#### [Excerpted records]
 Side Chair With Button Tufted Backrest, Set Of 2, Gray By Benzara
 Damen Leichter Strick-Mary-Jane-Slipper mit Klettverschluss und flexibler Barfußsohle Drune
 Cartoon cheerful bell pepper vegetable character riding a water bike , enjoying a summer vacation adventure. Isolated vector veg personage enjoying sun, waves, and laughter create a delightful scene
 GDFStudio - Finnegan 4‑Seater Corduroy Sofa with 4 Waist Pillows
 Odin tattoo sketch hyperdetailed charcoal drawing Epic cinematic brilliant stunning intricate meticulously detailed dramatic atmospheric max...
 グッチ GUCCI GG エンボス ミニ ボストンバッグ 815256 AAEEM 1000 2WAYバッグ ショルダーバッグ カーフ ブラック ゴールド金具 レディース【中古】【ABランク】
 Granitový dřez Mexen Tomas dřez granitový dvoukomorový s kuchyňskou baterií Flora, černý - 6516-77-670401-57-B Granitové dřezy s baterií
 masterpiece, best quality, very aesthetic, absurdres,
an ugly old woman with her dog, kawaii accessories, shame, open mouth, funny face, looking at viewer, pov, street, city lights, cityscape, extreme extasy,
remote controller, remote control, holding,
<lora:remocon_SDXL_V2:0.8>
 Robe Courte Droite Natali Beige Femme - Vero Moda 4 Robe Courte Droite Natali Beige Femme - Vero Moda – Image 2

---

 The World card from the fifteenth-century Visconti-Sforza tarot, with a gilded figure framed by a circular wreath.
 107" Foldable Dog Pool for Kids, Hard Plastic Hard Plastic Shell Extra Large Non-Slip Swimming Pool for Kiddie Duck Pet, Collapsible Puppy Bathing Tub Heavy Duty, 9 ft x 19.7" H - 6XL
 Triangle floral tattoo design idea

#### [Problem details]
What is asked for is an exact copy of the lines above from the one containing "Cartoon cheerful bell" through the one containing "グッチ GUCCI GG", and only those.

#### [Answer to the exercise]
 Cartoon cheerful bell pepper vegetable character riding a water bike , enjoying a summer vacation adventure. Isolated vector veg personage enjoying sun, waves, and laughter create a delightful scene
 GDFStudio - Finnegan 4‑Seater Corduroy Sofa with 4 Waist Pillows
 Odin tattoo sketch hyperdetailed charcoal drawing Epic cinematic brilliant stunning intricate meticulously detailed dramatic atmospheric max...
 グッチ GUCCI GG エンボス ミニ ボストンバッグ 815256 AAEEM 1000 2WAYバッグ ショルダーバッグ カーフ ブラック ゴールド金具 レディース【中古】【ABランク】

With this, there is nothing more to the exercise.